So that the copy stays text only, transcribe the data below exactly and exclude the images.

▶ _AVAILABLE DATA_
--- START ---

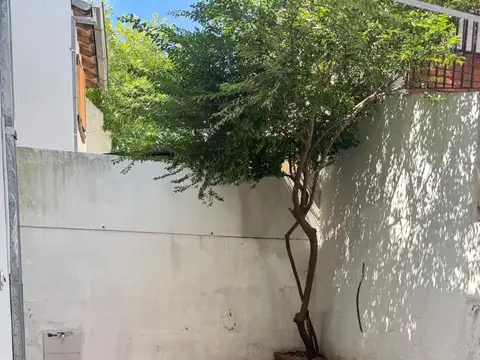 Duplex en venta. Emilio mitre 512. Villa Sarmiento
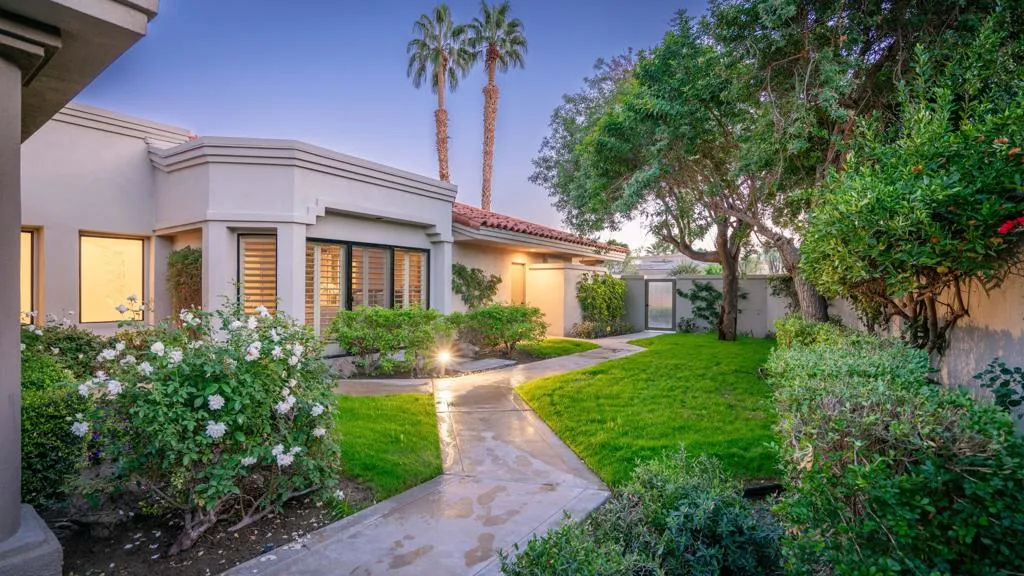 80719 Cherry Hills Drive, La Quinta, California 92253 home-pic-8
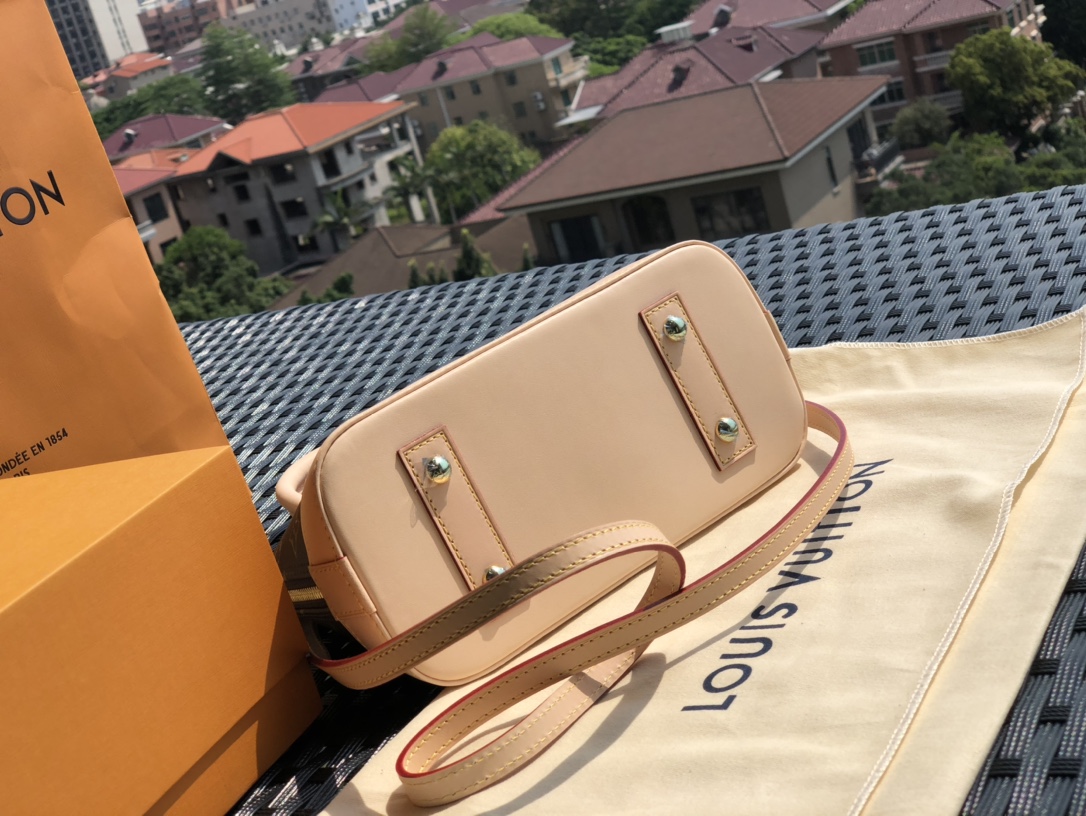 🌼 m53152尺寸23.5*17.5*11.5㎝ 推荐款L*V贝壳BB，这款的销量一直都不错，咱家做代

--- END ---

▶ _EXERCISE SOLUTION_
 Duplex en venta. Emilio mitre 512. Villa Sarmiento
 80719 Cherry Hills Drive, La Quinta, California 92253 home-pic-8
 🌼 m53152尺寸23.5*17.5*11.5㎝ 推荐款L*V贝壳BB，这款的销量一直都不错，咱家做代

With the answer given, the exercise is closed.